Christine Hämmerli weiss, wie es ist, eine Goldmedaille in Händen zu halten. Einst tanzte sie selbst Turniere, Boogie-Woogie und Disco-Fox. Das Edelmetall gabs im Disco-Fox, 1995 war das. An der Schweizermeisterschaft wurde sie einmal 7. und einmal 8. Seit bald 30 Jahren ist sie ausgebildete Paartanzlehrerin. «Das macht mir sehr viel Spass.» Als Coach für die Winterspiele wurde sie angefragt. «Dann haben wir in der Schweiz nach Tanzpaaren gesucht. Das war nicht ganz einfach, weil wir erst dabei sind, den Tanzsport bei den Special Olympics Winter Games aufzubauen. » Irene Nanculaf ergänzt: «Turniere in der Schweiz gab es noch nicht. Es geht direkt an die Weltspiele.» 2029 finden die in der Schweiz statt. «Da muss man alle Sportarten anbieten. Deshalb beginnen wir jetzt, das Tanzen langsam aufzubauen.» Das macht Victoria und Lukas zu Pionieren.

«Ich kann es kaum erwarten, der Welt zu zeigen, dass wir auch in der Schweiz tanzen», sagt Christine Hämmerli. «Es ist eine grosse Ehre für mich, ein Tanzpaar darauf vorzubereiten. Es ist wunderschön, diese Chance zu bekommen. Ich habe zwei megalässige Athleten, mit denen es sehr viel Spass macht zu arbeiten.» Auch die Fortschritte zu sehen, die Entwicklung mitzuerleben, ist für sie eine Ehre. «So ein Turnier ist sehr viel mehr als nur Tanzen. Die Stimmung ist einmalig.» Und fast noch wichtiger: «Es ist ein Miteinander. Man freut sich auch für den anderen, wenn er gewinnt.» Irene Nanculaf ergänzt: «Im Fokus steht das Menschsein.» Christine Hämmerli blickt auf intensive Monate zurück. «Es ist so toll, was wir in dem Jahr zusammen erlebt haben.» Victoria: «Ich habe viele Menschen kennengelernt.» Alles dank des Tanzens. Das Paar hat auch schon viele Fans. «Wir erleben sehr viel Solidarität und Freude. Die Leute freuen sich mit uns», sagt Hämmerli.

Die goldenen Momente

Die Trainerin blickt auf ihre Athleten. «Mein Fokus ist es, die beiden zu begleiten. » Nicht nur nach Italien. Sie spricht von Integration. «Sie gehen in die Schule, dann in die Lehre. Nach der Lehre ist das Lernen vorbei. Die Frage ist, wie es dann weitergeht.» Weil sie etwas beitragen wollte, gründete Hämmerli zunächst eine Bowlinggruppe, machte die Ausbildung zum Coach, nahm an Turnieren teil. Ihr Ziel: «Weiterbildung über Sport.» Inklusion solle mehr sein als nur ein Schlagwort.

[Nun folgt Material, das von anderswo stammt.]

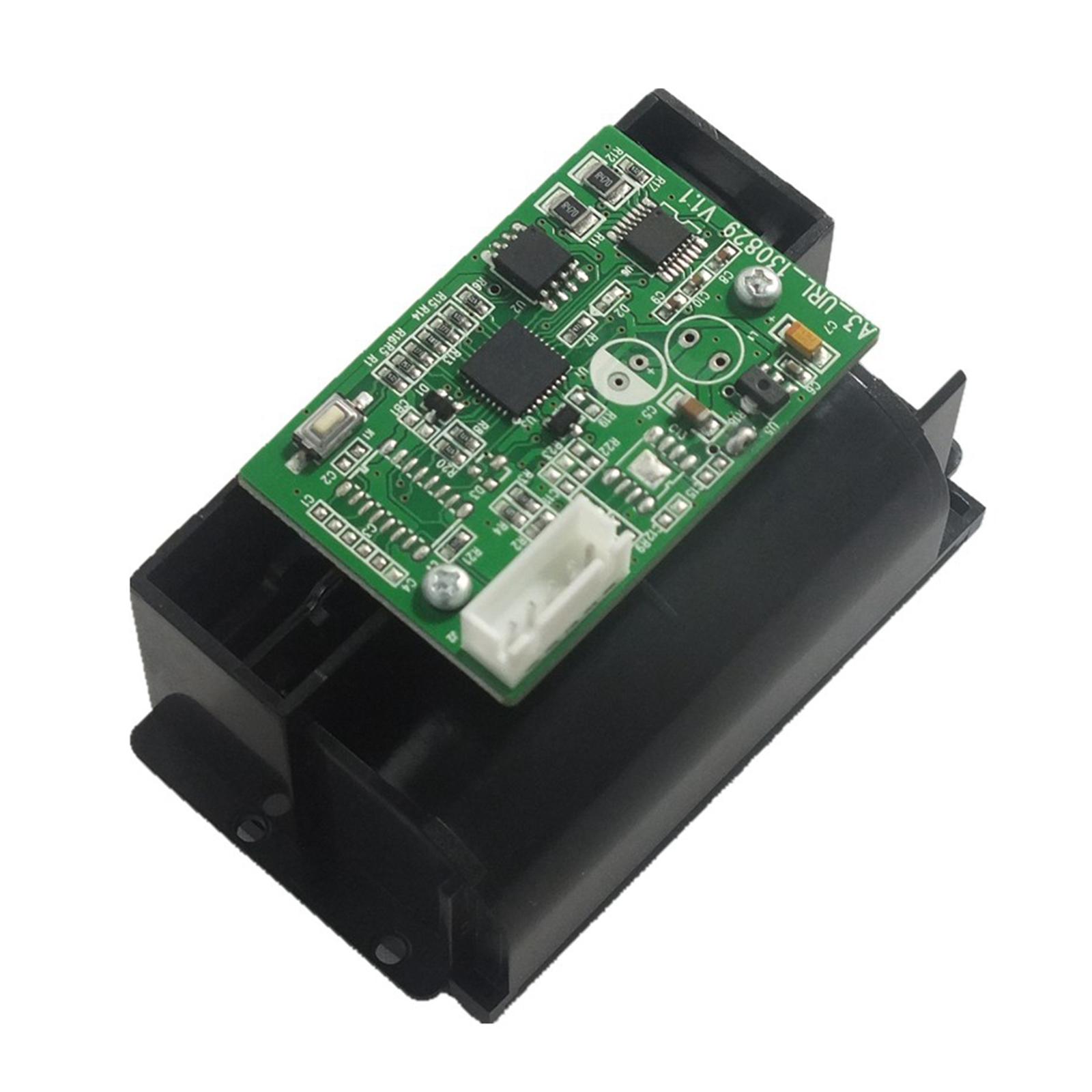 58mm Mini Embedded Thermal Printer Receipt Panel Printer TTL Interface w/ Paper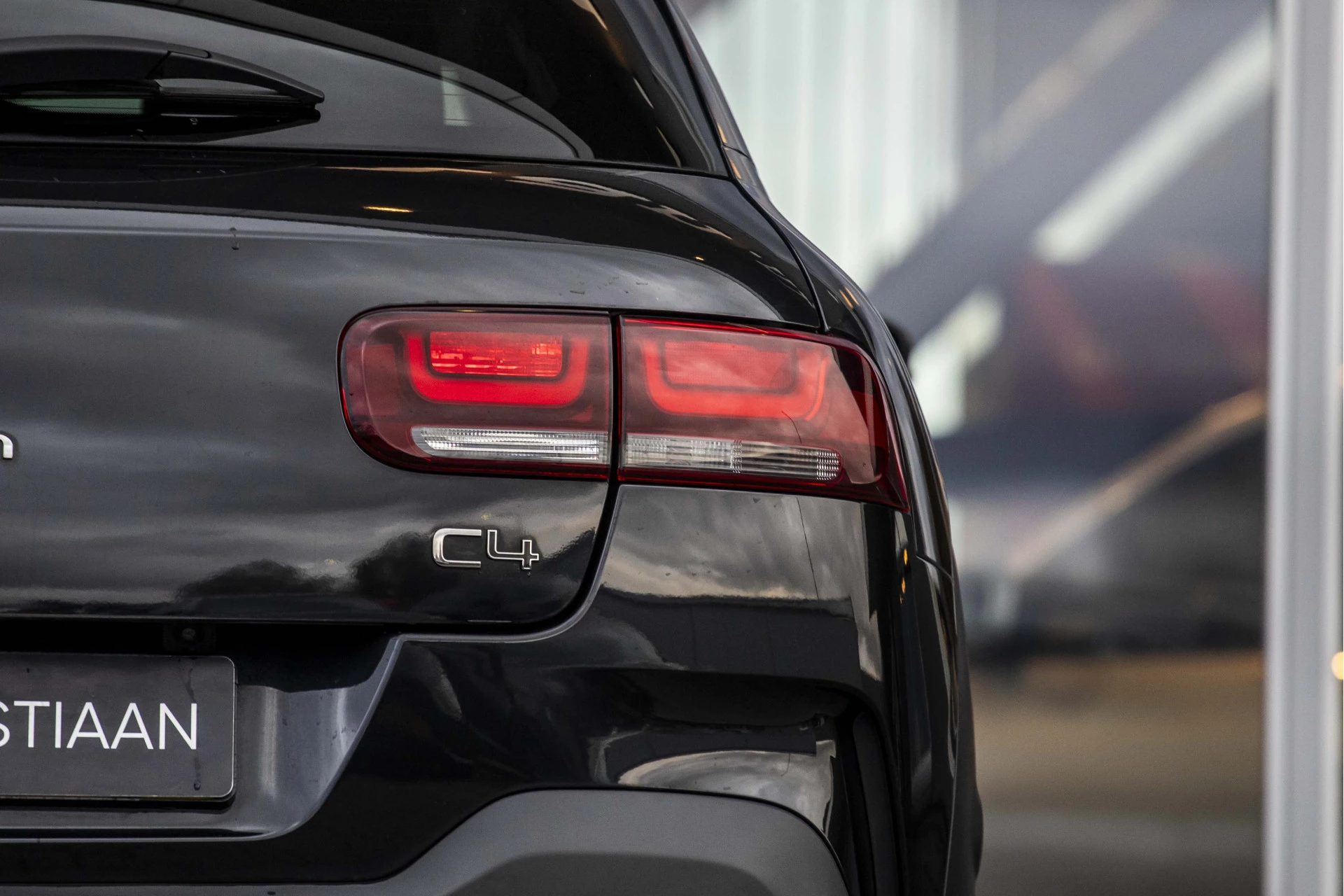 Hoofdafbeelding Citroën C4 Cactus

Und jetzt die Winter Games. Fast schon gerührt sagt Hämmerli: «Wenn beide auf der Bühne stehen und tanzen, habe ich meine Goldmedaille.» Victoria Kälin strahlt. Das tut sie oft. Gut so. Wertungsrichter mögen das. «Ich freue mich schon mega auf die Spiele.» Keine Angst, Nervosität? Die Tänzerin schüttelt den Kopf, Christine Hämmerli schmunzelt. «Das überlassen sie mir. Ich glaube, ich bin nervöser als meine Athleten. » Aber das gehört zu den Aufgaben des Trainers. Damit Athletinnen wie Victoria Kälin glänzen können.

An den World Winter Games von Special Olympics vom 8. bis 16. März erleben besondere Athletinnen und Athleten wahres Olympisches Flair und das im wunderschönen Piemont. Mit dabei Tänzerin Victoria Kälin aus Freienbach. Ein Besuch beim Training.